◆ **Stored data entries**:
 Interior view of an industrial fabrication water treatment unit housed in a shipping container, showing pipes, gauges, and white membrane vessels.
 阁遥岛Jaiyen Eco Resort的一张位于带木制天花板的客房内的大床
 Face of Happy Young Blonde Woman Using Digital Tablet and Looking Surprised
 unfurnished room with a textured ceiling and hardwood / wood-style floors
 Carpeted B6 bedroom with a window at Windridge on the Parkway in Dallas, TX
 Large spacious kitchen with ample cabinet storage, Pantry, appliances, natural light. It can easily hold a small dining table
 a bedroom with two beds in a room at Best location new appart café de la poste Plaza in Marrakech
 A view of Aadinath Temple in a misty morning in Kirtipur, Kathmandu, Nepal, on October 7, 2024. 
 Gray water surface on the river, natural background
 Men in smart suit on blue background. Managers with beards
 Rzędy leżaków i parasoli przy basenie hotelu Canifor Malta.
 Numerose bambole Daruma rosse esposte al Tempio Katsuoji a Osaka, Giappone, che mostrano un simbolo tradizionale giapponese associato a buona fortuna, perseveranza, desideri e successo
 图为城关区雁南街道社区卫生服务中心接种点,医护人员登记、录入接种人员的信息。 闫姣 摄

◆ **REQUIRED WORK**:
Please copy each line above exactly as written.

◆ **COMPLETED TASK**:
 Interior view of an industrial fabrication water treatment unit housed in a shipping container, showing pipes, gauges, and white membrane vessels.
 阁遥岛Jaiyen Eco Resort的一张位于带木制天花板的客房内的大床
 Face of Happy Young Blonde Woman Using Digital Tablet and Looking Surprised
 unfurnished room with a textured ceiling and hardwood / wood-style floors
 Carpeted B6 bedroom with a window at Windridge on the Parkway in Dallas, TX
 Large spacious kitchen with ample cabinet storage, Pantry, appliances, natural light. It can easily hold a small dining table
 a bedroom with two beds in a room at Best location new appart café de la poste Plaza in Marrakech
 A view of Aadinath Temple in a misty morning in Kirtipur, Kathmandu, Nepal, on October 7, 2024. 
 Gray water surface on the river, natural background
 Men in smart suit on blue background. Managers with beards
 Rzędy leżaków i parasoli przy basenie hotelu Canifor Malta.
 Numerose bambole Daruma rosse esposte al Tempio Katsuoji a Osaka, Giappone, che mostrano un simbolo tradizionale giapponese associato a buona fortuna, perseveranza, desideri e successo
 图为城关区雁南街道社区卫生服务中心接种点,医护人员登记、录入接种人员的信息。 闫姣 摄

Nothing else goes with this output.